PROBLEM TO SOLVE: Only the lines from the one with "-Iphone 14Pro Max, ca" through the last line of the records below belong in your answer, reproduced exactly and with the pictures left out.

Captioned web images:
★ ★ ★ ★ ★ ★ ★
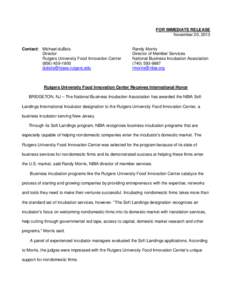 Microsoft Word - Press Release -- Rutgers[removed]Nov 13.doc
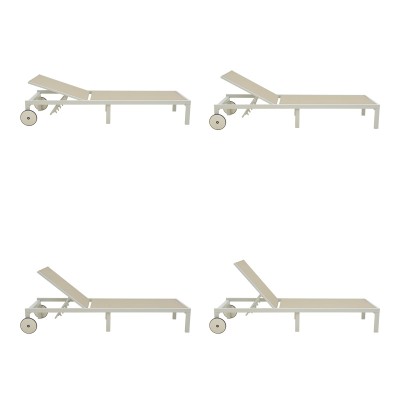 Ξαπλώστρα Art Maison Watson λευκό αλουμίνιο και textilene σε μπεζ απόχρωση 71x206x30εκ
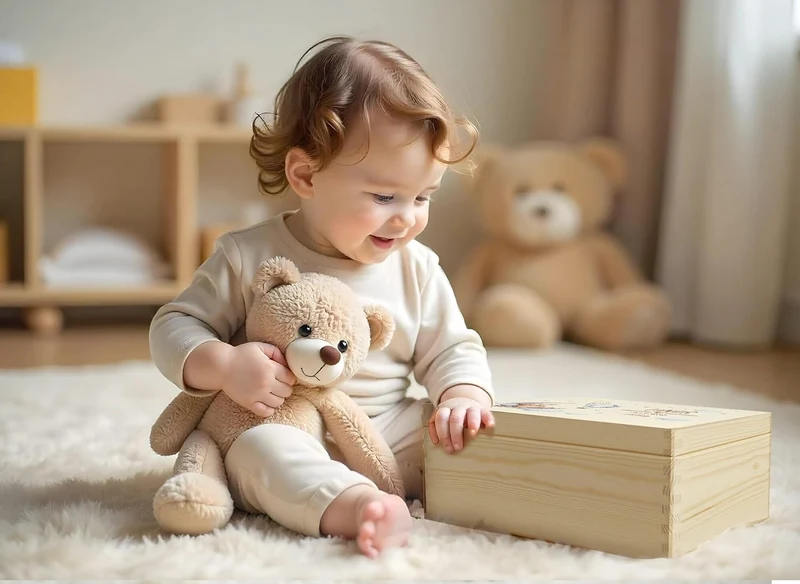 Little Deco Personalisierte Erinnerungskiste Baby, Erinnerungsbox mit Bär & Mond | M - 30 x 20 x 13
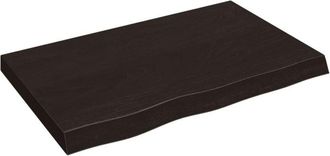 vidaXL Encimera baño madera maciza tratada marrón oscuro 80x50x(2-6)cm Vidaxl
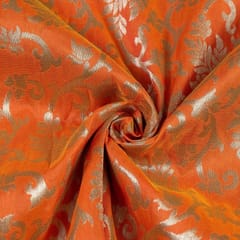 Orange Color Silk Jacquard fabric (1Meter Piece)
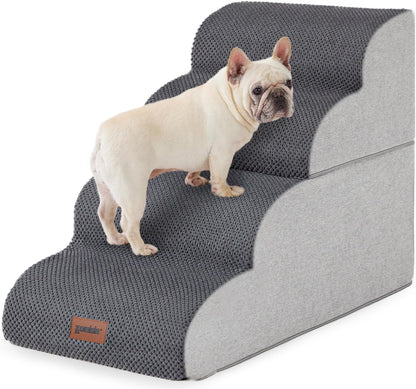 ZOMISIA Dog Stairs Ramp for High Beds Up to 25" - 5 Step Pet Stairs for Small to Large Dogs, 35D Foam Dog Steps for Couch with Non-Slip Bottom Grey
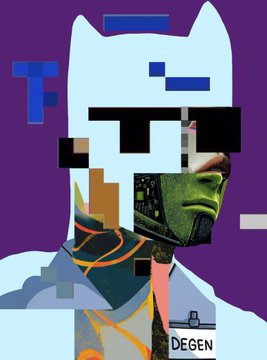 A pixelated, glitch-style digital portrait of a person wearing sunglasses and a jacket with a 'DEGEN' name tag, set against a purple background with a blue 'F' logo.
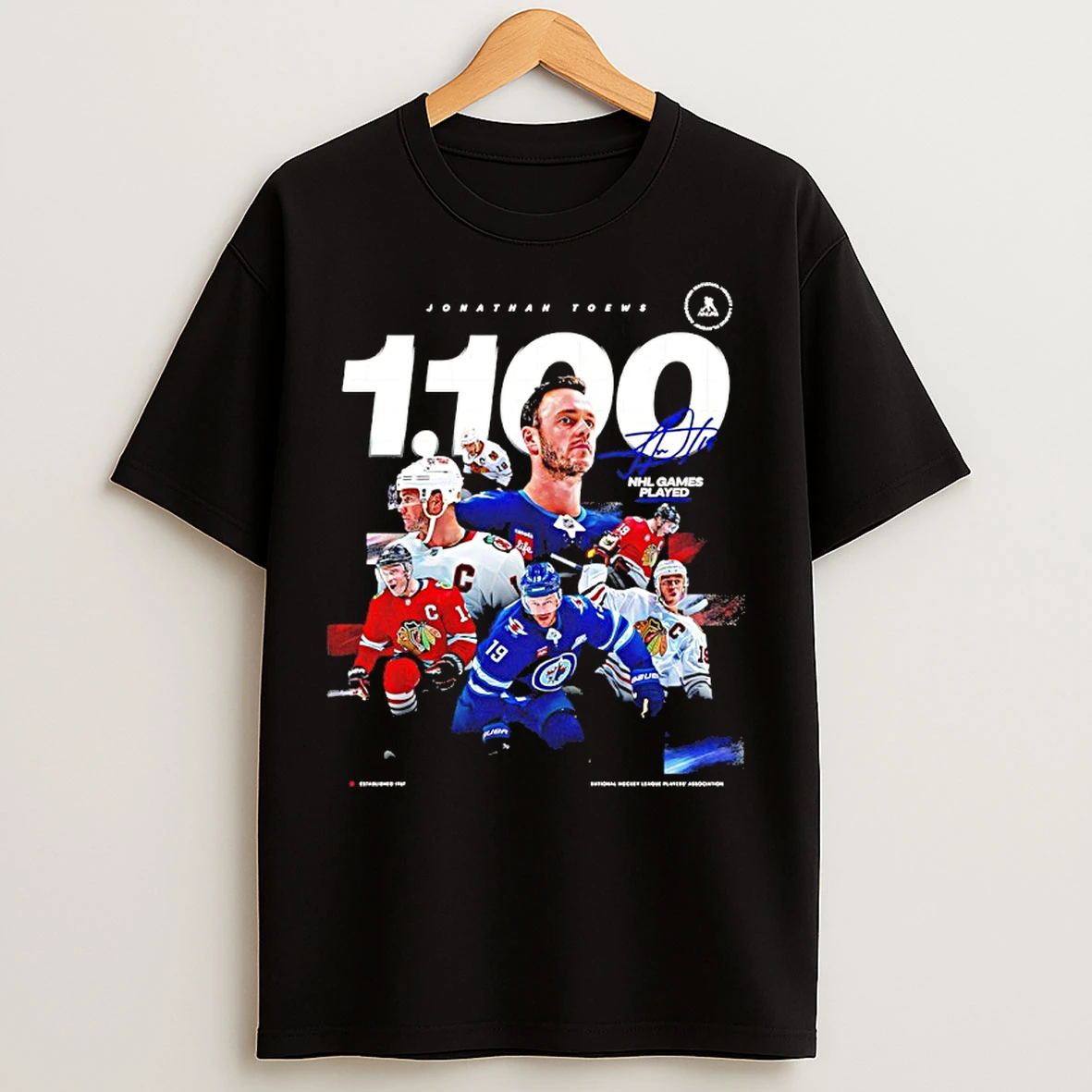 Classic Winnipegs Jonathan Toews 1100 Nhl Games Played Signature T Shirts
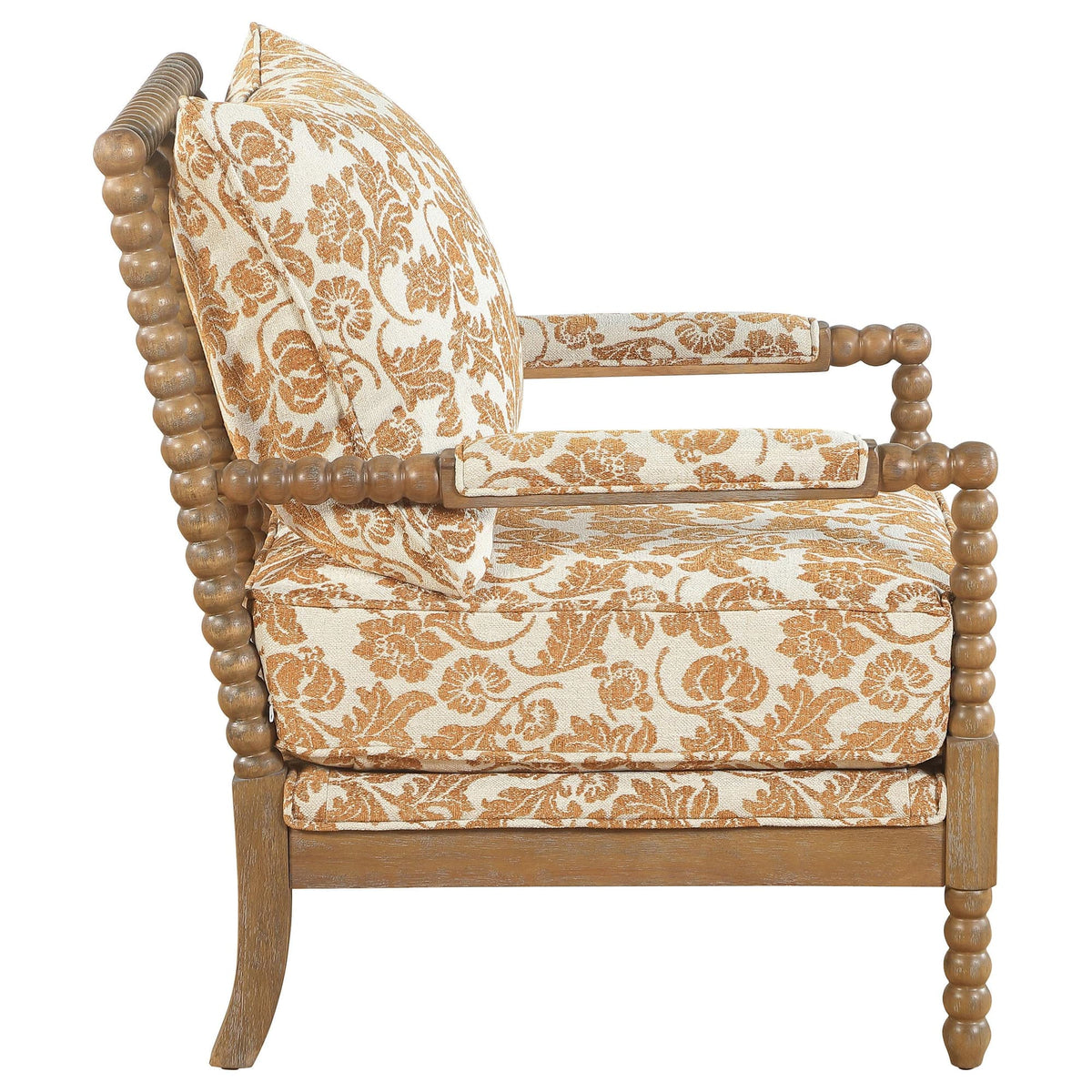 Blanchett Upholstered Bobbin Accent Chair Apricot and Distressed Brown — product image 8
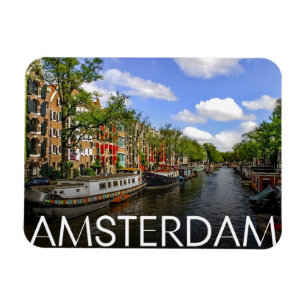 Magnet Flexible Voyagez à Amsterdam, cadeaux vintage sur les canau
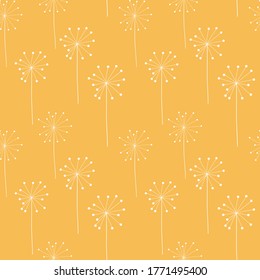 Abstract Hand Drawn Dandelion flower seamless pattern background. Vector Illustration EPS10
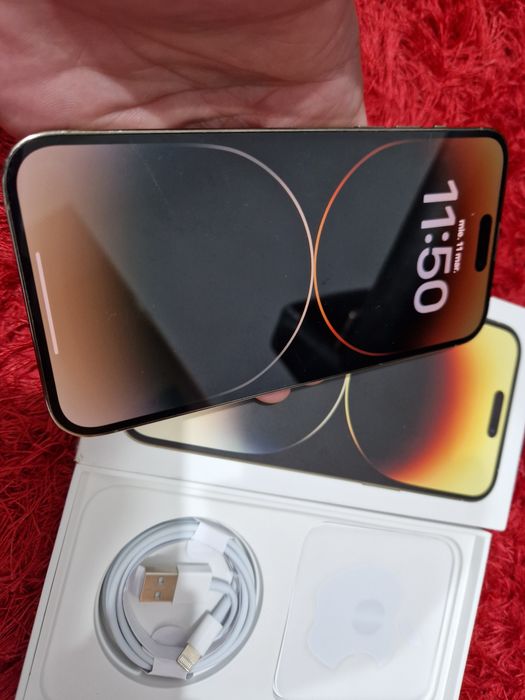 -Iphone 14Pro Max, ca Nou, 256Gb, 6Ram, Gold, ireprosabil, bat-100%, n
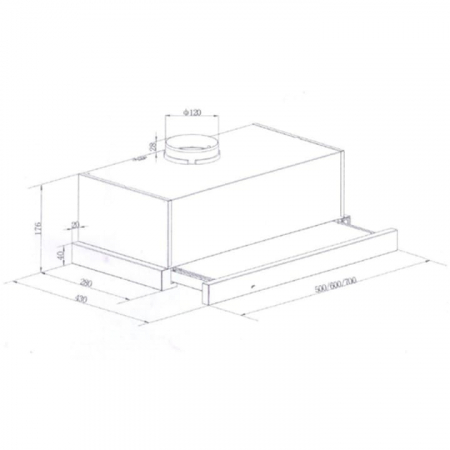 Hota incorporabila telescopica Heinner HTCH-440FS, Putere de absorbtie 325 mc/h, 1 motor, 60 cm, Inox [1]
★ ★ ★ ★ ★ ★ ★
SOLUTION BELOW:
 -Iphone 14Pro Max, ca Nou, 256Gb, 6Ram, Gold, ireprosabil, bat-100%, n
 Hota incorporabila telescopica Heinner HTCH-440FS, Putere de absorbtie 325 mc/h, 1 motor, 60 cm, Inox [1]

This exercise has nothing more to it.